Simple Multi-stage Docker Builds

Cynnovative is committed to rapidly testing and deploying research prototypes. As such, we always look for ways to let our data scientists write code which is easily deployable and adheres to good engineering practices.

At Cynnovative, we use Docker for production deployments and model training on GPU-enabled hardware. Rather than moving code into a Docker container when a project is ready to be deployed or requires GPU support, it is better to design a project to run in a Docker container from the get-go. This reduces the headache of “Dockerizing” a project later, ensures that unit tests are fully reproducible, and makes PR reviews easier, since reviewers can just checkout a branch and run any Docker containers themselves. 

Containerizing projects early also provides a straightforward build step with the same success criterion across projects. While a Java project may be in a good state if it compiles, there is no direct analogy in Python. Dockerizing everything, even for development work, provides a great equalizer in this regard: if your image does not build, your PR will not be approved.

When every project is Dockerized, setting up an automation pipeline for each project is simple. For this, we use Jenkins pipelines to check that the Docker build succeeds after all PRs and changes to the master branch.

To make this process seamless for our data scientists, we use a cookiecutter template that initializes a new Python package with a corresponding Dockerfile, Jenkinsfile, and test.sh script which defines a set of tests which must be run for a Docker build to succeed. This template serves as a reference for company best practices, but since test.sh can be customized, developers can define their own set of passing tests for a Docker build. For example, we always write unit tests, but we don’t believe that every Python project must use type annotations or check them using mypy.

The result of all this boilerplate is that data scientists can begin work on a new project, and, within a few minutes, have a structure in place to enable unit tests, linting, static type checking, auto-formatting, and a custom Docker image, plus a CI/CD pipeline to build their project and push it to an internal registry if all tests pass.
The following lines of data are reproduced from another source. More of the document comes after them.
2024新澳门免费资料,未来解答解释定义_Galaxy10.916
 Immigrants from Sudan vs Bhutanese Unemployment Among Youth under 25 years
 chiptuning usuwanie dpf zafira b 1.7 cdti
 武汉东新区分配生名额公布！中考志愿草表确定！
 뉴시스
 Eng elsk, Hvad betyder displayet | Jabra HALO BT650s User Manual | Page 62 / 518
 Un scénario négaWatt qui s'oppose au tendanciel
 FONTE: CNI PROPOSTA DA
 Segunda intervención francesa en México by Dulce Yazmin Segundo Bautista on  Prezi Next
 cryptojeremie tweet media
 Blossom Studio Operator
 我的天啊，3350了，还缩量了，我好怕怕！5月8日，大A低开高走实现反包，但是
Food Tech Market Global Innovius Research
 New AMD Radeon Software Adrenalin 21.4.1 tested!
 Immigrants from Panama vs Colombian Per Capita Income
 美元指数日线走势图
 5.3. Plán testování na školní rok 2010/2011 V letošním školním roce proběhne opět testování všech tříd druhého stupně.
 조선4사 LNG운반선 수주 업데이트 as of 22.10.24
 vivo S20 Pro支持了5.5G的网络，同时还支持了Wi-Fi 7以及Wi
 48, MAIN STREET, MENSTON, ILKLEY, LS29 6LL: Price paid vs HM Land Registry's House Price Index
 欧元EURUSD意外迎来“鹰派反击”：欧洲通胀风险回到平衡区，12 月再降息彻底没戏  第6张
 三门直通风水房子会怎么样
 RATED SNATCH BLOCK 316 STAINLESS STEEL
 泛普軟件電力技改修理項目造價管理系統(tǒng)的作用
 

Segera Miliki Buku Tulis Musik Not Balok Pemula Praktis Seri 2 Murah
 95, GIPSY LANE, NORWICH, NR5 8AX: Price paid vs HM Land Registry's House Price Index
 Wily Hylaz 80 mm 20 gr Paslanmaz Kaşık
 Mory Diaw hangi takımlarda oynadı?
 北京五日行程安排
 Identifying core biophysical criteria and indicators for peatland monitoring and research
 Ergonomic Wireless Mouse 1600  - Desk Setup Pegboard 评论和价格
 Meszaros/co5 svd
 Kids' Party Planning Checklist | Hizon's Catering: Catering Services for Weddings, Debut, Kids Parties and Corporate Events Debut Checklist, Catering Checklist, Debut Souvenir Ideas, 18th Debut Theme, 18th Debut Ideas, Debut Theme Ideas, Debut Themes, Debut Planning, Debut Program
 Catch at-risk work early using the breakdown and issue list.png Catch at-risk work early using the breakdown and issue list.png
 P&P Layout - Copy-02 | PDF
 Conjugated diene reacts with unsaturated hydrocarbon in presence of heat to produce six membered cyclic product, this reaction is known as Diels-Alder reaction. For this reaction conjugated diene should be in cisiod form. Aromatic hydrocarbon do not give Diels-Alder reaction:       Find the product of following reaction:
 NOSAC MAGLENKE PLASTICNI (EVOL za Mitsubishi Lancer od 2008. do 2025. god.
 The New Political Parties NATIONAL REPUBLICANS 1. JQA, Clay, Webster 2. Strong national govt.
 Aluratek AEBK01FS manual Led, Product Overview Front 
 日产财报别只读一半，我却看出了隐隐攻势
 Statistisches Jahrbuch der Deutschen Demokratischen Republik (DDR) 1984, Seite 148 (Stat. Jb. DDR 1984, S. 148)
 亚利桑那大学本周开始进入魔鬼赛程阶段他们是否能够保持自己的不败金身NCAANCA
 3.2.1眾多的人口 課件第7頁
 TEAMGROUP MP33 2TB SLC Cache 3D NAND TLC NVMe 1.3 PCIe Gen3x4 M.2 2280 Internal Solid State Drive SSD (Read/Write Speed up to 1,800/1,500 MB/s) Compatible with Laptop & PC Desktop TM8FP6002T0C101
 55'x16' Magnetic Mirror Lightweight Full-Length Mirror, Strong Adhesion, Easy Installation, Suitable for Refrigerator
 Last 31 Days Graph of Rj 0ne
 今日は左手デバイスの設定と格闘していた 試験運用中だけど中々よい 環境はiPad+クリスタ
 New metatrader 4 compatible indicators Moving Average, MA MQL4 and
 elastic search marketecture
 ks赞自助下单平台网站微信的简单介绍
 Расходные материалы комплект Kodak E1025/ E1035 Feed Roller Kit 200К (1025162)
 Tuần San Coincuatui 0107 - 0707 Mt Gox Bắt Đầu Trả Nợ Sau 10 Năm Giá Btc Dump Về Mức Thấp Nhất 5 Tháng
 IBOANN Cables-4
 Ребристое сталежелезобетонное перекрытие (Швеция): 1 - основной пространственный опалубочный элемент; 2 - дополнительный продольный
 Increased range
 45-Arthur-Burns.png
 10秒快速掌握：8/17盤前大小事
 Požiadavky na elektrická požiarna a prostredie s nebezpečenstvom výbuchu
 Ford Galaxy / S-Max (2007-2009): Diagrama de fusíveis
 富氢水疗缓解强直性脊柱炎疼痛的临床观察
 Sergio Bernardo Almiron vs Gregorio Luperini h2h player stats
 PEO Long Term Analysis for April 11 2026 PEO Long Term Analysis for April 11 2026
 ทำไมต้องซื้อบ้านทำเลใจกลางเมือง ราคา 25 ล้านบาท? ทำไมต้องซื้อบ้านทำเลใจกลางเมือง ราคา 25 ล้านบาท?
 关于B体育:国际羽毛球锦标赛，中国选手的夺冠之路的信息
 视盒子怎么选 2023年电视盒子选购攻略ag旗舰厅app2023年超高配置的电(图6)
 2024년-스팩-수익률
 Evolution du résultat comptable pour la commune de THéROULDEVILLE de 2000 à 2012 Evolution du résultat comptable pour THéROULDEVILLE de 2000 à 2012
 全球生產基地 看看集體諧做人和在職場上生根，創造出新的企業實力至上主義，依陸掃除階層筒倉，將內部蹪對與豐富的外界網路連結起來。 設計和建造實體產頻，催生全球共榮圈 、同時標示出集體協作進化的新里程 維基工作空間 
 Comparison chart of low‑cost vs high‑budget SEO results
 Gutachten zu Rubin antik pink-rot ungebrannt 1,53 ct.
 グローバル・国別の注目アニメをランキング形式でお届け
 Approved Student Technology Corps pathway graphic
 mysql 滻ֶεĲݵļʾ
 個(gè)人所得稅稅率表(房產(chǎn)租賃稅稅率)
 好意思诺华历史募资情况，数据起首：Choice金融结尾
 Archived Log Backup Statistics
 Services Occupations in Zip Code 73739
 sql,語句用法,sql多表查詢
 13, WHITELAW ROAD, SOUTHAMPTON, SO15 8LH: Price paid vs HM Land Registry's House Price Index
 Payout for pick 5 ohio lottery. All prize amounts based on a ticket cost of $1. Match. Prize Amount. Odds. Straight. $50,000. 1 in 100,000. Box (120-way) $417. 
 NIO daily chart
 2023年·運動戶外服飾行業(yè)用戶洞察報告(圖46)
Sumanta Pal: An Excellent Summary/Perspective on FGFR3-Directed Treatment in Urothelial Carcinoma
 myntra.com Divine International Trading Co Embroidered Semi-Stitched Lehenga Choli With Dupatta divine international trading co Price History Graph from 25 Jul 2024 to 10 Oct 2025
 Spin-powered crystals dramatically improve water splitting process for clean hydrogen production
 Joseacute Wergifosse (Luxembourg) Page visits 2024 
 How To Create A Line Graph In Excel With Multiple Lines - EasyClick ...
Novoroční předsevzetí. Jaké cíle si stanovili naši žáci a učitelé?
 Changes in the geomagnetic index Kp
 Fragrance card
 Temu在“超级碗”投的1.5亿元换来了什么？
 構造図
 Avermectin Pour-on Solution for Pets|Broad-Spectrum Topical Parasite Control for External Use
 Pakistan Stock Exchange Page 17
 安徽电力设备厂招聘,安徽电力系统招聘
A key part of this is that tests are run as part of the Docker build process. Below, we explain how to write a Dockerfile which ensures the build process will fail if any tests do not succeed and assume familiarity with the basics of writing a Dockerfile and building a Docker image. Then, we demonstrate how we programmatically build these images as part of a Jenkins pipeline. Even if you have not used Jenkins pipelines before, Dockerizing everything and reusing a basic Jenkinsfile template makes it easy to set up a Jenkins pipeline for a brand new project.

Multi-stage Docker Builds for Seamless Testing of Built Docker Images

In order to ensure that Docker images are only built when all the tests for a project pass, we must run our test.sh script within a Docker container as a step in our Docker build process. It isn’t sufficient to run our tests in a second Dockerfile or in a running Docker container since there is no guarantee developers will always build or run that second container before building the main image. More specifically, you should always test what you aim to deploy, rather than a separate build artifact. The obvious solution is to copy over all test resources to the container, then simply run the tests as one step in the build process:

FROM python:3.7
 
WORKDIR /my-project
 
COPY tests tests
 
COPY src src
 
COPY requirements.txt setup.py setup.cfg test.sh entrypoint.py ./
 
RUN pip install .[dev]
 
RUN ./test.sh
 
ENTRYPOINT ["python", "entrypoint.py"]

This works in cases where your test suite is small, but it is a bad idea to use when your test suite is large, particularly if it contains a lot of data and test fixtures.

Thankfully, multi-stage builds provide an easy-to-use syntax for creating lightweight Docker images which avoid this type of bloat. In a multi-stage build, FROM statements indicate the unique stages of the build process. In order to create smaller images, each stage can copy from the previous stages only the artifacts that are strictly required for the final stage.

In our multi-stage builds, we typically only use three stages: base, test, and build.

In the base stage, we set our parent base image (e.g. some Python 3 image) and copy over our source code and other files required to install our project in the container1:

# Base layer
FROM python:3.7 as base
WORKDIR /my-project
 
# Build base layer
COPY src src
COPY requirements.txt setup.py entrypoint.py ./
RUN pip install .

Next, we copy over our test suite and any other resources that are required, e.g. a configuration file that may dictate how your testing, linting, and type checking tools are run2:

# Build test layer, which may fail if tests fail
FROM base as test
COPY setup.cfg test.sh ./
COPY tests tests
RUN pip install .[dev]
RUN ./test.sh

At this point, if our tests fail, the entire Docker build process will fail.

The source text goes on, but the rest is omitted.